---------- DATA PROVIDED ----------

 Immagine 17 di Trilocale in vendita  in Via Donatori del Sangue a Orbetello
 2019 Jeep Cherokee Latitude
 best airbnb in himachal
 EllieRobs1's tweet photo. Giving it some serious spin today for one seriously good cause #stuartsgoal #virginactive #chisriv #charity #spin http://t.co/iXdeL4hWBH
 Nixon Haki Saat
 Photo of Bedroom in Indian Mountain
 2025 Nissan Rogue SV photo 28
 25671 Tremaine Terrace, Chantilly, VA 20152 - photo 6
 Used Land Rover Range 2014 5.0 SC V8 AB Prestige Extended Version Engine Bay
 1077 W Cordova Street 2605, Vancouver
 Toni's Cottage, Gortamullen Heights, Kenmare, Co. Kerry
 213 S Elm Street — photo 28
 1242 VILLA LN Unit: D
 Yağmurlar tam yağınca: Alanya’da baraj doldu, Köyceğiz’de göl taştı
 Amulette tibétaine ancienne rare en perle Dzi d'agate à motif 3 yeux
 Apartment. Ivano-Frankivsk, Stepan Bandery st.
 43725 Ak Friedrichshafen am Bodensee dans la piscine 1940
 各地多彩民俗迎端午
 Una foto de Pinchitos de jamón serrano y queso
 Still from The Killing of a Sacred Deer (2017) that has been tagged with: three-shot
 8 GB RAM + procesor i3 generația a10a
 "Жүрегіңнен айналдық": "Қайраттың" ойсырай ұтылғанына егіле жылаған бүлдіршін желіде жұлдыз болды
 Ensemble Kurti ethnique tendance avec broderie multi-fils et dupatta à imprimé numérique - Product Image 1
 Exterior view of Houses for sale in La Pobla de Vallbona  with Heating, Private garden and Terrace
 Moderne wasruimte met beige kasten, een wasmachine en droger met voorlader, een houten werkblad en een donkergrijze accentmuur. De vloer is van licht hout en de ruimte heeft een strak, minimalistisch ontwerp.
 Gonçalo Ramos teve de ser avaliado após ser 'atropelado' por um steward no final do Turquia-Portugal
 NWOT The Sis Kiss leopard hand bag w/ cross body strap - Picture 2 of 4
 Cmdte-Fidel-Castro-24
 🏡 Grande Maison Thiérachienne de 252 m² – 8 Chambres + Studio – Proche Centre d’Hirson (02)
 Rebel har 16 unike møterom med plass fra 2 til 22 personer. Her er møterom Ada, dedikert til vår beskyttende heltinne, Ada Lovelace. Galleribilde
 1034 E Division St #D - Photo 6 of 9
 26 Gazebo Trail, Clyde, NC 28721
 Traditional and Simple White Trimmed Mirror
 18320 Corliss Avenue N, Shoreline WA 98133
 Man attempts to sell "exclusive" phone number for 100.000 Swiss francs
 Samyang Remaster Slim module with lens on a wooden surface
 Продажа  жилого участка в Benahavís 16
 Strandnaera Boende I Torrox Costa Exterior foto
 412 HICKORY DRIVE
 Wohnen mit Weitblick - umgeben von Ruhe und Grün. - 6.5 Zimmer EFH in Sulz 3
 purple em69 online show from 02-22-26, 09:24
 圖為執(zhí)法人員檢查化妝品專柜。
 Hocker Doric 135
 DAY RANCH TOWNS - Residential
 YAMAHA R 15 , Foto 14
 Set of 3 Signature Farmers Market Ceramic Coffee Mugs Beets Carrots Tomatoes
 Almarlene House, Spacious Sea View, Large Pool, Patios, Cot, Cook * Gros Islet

----------

Nothing outside this range should appear: the lines from the start of the listing through the line with "желіде жұлдыз болды", each reproduced exactly, both ends included.

 Immagine 17 di Trilocale in vendita  in Via Donatori del Sangue a Orbetello
 2019 Jeep Cherokee Latitude
 best airbnb in himachal
 EllieRobs1's tweet photo. Giving it some serious spin today for one seriously good cause #stuartsgoal #virginactive #chisriv #charity #spin http://t.co/iXdeL4hWBH
 Nixon Haki Saat
 Photo of Bedroom in Indian Mountain
 2025 Nissan Rogue SV photo 28
 25671 Tremaine Terrace, Chantilly, VA 20152 - photo 6
 Used Land Rover Range 2014 5.0 SC V8 AB Prestige Extended Version Engine Bay
 1077 W Cordova Street 2605, Vancouver
 Toni's Cottage, Gortamullen Heights, Kenmare, Co. Kerry
 213 S Elm Street — photo 28
 1242 VILLA LN Unit: D
 Yağmurlar tam yağınca: Alanya’da baraj doldu, Köyceğiz’de göl taştı
 Amulette tibétaine ancienne rare en perle Dzi d'agate à motif 3 yeux
 Apartment. Ivano-Frankivsk, Stepan Bandery st.
 43725 Ak Friedrichshafen am Bodensee dans la piscine 1940
 各地多彩民俗迎端午
 Una foto de Pinchitos de jamón serrano y queso
 Still from The Killing of a Sacred Deer (2017) that has been tagged with: three-shot
 8 GB RAM + procesor i3 generația a10a
 "Жүрегіңнен айналдық": "Қайраттың" ойсырай ұтылғанына егіле жылаған бүлдіршін желіде жұлдыз болды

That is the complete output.